* What you will do *
Where a line of the data holds the word "Concrete", copy that line.

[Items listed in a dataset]
===============
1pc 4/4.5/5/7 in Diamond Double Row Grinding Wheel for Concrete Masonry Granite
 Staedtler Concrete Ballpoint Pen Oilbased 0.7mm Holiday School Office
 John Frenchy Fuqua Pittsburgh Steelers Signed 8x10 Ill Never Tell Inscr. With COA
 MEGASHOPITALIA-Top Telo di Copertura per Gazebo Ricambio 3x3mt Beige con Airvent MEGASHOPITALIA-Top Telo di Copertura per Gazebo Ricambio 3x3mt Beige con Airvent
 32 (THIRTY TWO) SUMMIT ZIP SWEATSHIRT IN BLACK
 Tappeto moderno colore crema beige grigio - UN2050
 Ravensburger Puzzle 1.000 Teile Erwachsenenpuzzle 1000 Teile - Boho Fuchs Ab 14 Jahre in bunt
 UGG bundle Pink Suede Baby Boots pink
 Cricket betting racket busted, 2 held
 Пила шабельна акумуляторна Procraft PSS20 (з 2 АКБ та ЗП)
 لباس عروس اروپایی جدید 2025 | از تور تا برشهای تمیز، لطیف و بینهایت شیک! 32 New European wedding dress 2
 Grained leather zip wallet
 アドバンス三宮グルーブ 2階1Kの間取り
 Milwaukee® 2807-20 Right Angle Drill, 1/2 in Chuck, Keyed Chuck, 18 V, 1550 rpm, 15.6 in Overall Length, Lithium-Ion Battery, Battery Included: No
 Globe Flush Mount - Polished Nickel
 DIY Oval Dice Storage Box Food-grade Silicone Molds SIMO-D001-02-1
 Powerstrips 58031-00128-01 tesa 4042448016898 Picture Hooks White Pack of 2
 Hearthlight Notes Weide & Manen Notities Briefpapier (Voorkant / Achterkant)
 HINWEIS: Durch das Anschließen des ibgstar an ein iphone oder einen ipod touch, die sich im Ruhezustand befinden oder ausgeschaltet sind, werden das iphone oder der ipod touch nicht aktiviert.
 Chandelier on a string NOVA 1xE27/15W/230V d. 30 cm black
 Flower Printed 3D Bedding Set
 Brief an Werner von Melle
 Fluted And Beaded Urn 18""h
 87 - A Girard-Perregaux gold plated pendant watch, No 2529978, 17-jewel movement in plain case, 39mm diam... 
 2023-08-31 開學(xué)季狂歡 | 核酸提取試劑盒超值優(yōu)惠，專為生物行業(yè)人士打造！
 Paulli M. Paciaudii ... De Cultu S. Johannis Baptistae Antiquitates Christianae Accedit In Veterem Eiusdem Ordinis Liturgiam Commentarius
===============
* Response area *
1pc 4/4.5/5/7 in Diamond Double Row Grinding Wheel for Concrete Masonry Granite
 Staedtler Concrete Ballpoint Pen Oilbased 0.7mm Holiday School Office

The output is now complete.